The future of $10-a-day child care in Saskatchewan is uncertain once the current agreement expires on March 31, 2026. The federal government has announced an additional $36.8 billion over five years, starting in 2026-27 but Saskatchewan is one of only two provinces who has not signed a renewal agreement.

“Scott Moe is leaving approximately 1 billion dollars for affordability measures on the table. This decision ultimately hurts families and workers, and will certainty hurt the economy,” said Kent Peterson, president of CUPE Saskatchewan. “What is Scott Moe even doing right now? He has been missing on his response to recent tariffs, and now he is missing in action on child care.”

CUPE represents childcare workers at several facilities across Saskatchewan. The childcare agreement provided funding for parents to access affordable publicly funded child care, and earmarked money for increasing wages for childcare workers. Without wage top-ups from the federal funding, early childhood education workers across the province will lose income. A backgrounder from Employment and Social Development Canada estimates annual savings per child in Saskatchewan to be $6,900 since the program was implemented.

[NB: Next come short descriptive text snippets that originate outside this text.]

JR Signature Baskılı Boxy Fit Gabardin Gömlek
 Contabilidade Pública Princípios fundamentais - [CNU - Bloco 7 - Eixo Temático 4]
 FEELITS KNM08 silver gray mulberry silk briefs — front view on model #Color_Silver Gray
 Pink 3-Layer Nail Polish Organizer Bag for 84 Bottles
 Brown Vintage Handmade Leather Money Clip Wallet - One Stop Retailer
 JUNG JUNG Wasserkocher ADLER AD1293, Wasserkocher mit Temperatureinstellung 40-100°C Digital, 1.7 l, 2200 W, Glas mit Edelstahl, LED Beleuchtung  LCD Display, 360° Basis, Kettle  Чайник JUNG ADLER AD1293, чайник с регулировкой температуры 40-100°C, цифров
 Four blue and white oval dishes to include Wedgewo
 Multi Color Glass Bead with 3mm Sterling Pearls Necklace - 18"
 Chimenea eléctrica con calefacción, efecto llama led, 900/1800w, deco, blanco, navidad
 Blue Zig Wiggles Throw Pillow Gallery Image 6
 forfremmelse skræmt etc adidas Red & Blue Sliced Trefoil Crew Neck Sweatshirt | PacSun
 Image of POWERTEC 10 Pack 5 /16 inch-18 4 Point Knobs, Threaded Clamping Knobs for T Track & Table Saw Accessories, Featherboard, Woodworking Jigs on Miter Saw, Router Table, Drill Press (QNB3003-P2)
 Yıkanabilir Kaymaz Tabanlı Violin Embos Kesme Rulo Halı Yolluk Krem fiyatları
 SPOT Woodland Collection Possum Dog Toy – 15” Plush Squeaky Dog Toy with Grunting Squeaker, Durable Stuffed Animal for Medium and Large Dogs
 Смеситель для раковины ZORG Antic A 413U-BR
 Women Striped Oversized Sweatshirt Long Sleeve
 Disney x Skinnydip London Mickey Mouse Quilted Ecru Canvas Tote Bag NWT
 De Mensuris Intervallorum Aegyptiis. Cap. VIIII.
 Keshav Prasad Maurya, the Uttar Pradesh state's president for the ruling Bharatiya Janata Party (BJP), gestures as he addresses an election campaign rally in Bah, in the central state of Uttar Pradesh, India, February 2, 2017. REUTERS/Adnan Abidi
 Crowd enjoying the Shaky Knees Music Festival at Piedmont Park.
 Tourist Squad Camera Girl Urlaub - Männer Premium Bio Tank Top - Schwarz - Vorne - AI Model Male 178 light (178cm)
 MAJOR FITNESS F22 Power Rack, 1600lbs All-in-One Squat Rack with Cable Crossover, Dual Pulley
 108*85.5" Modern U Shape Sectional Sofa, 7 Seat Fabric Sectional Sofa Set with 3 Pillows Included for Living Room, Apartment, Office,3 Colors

Michelle Jerg is a childcare worker at Yorkton’s Accent on Kids Early Learning and Childcare Center. She has spent the last several years upgrading her education in order to qualify for the wage top-up. If Saskatchewan doesn’t sign on to the federal agreement, Michelle is one of many workers uncertain about her future.

“I have been in this field for 26 years. I have watched the price of groceries, utilities, supplies, housing etc. go up and I’ve even seen childcare prices go down,” said Jerg. “With the threat of the $10 dollar a day child care and wage enhancements being pulled, childcare workers like me may be facing wage cuts. We need the government to invest in child care right now.”

CUPE is calling for Scott Moe to immediately work with the federal government to renew Saskatchewan’s Early Learning and Child Care Agreement.